- _Supplied data_
——
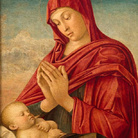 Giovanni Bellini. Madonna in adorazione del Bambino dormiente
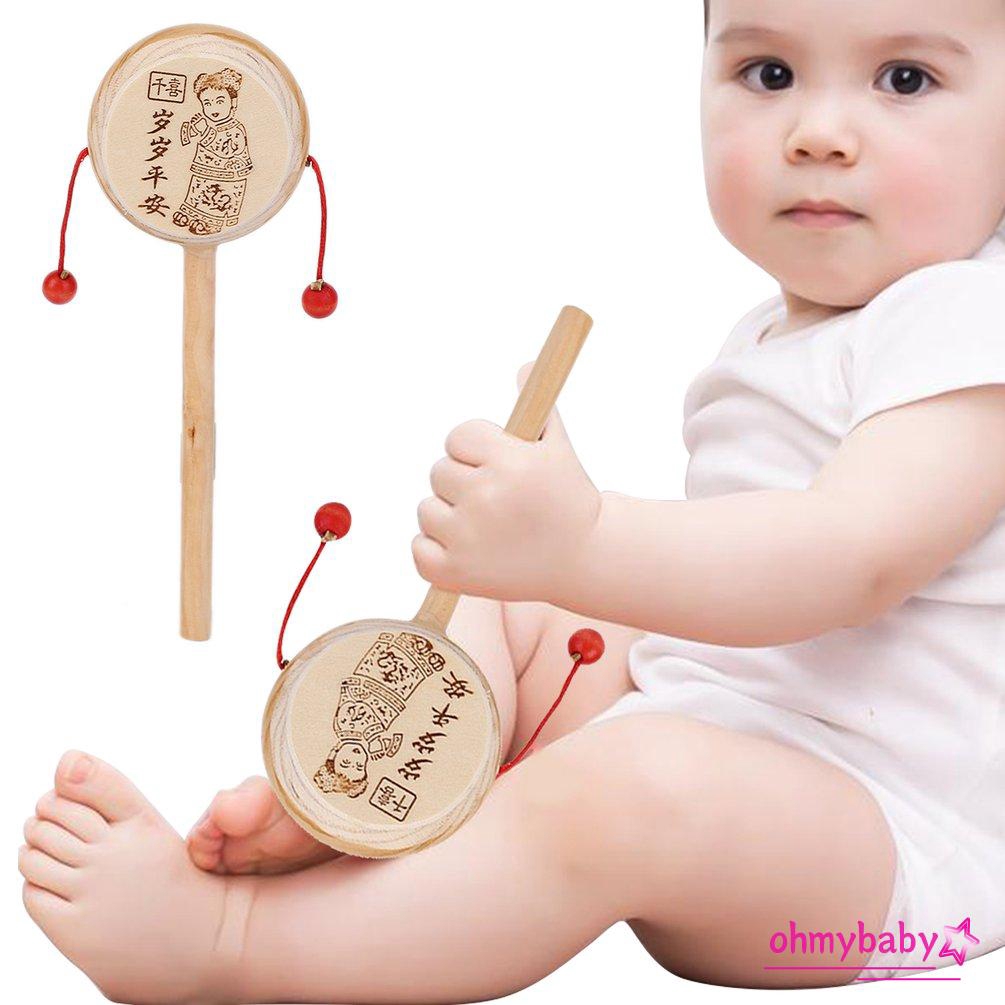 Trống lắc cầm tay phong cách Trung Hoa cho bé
——
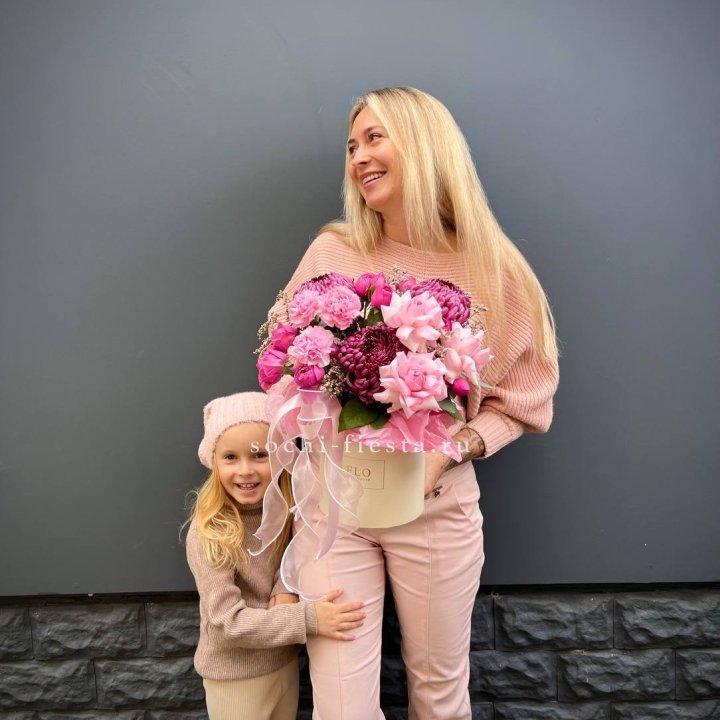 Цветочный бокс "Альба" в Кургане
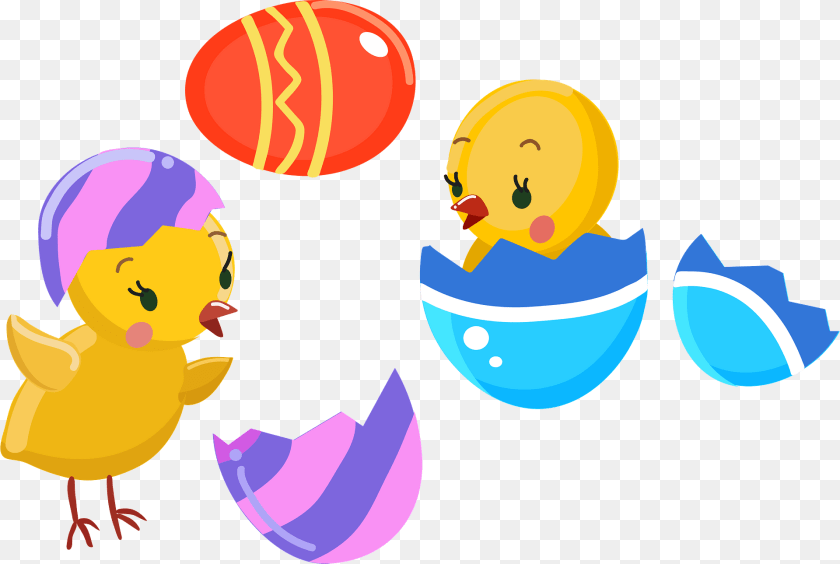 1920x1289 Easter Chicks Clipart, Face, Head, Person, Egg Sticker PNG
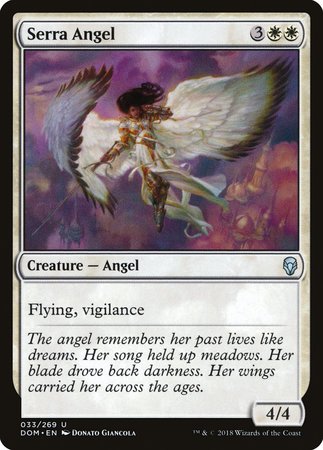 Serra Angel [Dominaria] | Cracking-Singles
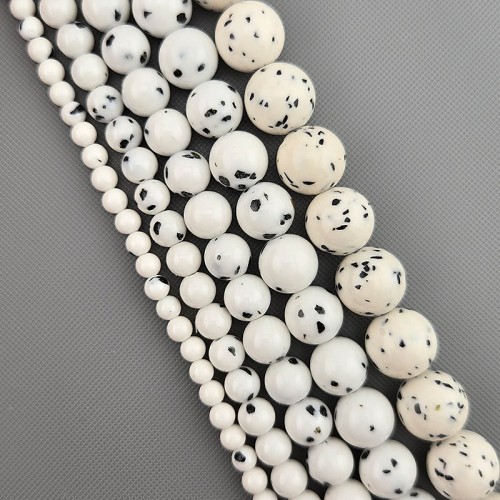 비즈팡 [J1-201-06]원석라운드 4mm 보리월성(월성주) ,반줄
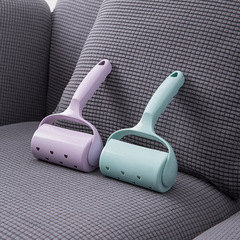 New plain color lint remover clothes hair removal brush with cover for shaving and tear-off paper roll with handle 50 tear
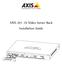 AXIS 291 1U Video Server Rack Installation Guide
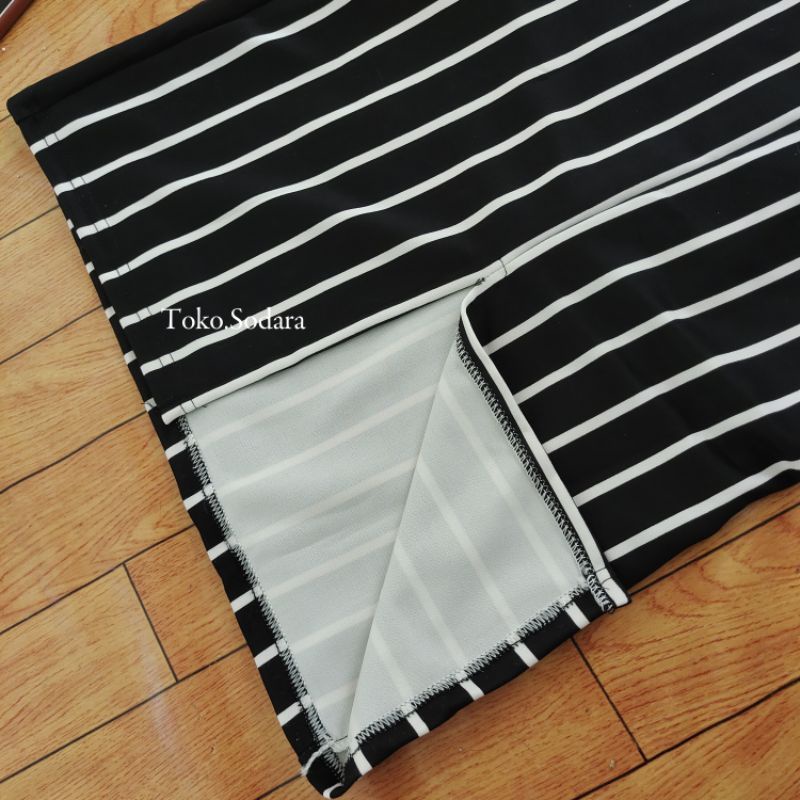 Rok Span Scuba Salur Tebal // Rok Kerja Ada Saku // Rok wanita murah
——
- _Requirement_
Within the listing above, find the line containing "Giovanni Bellini. Madonna" and the line containing "Trống lắc cầm". Transcribe them and everything between them exactly, leaving out the pictures.

- _Finished exercise_
 Giovanni Bellini. Madonna in adorazione del Bambino dormiente
 Trống lắc cầm tay phong cách Trung Hoa cho bé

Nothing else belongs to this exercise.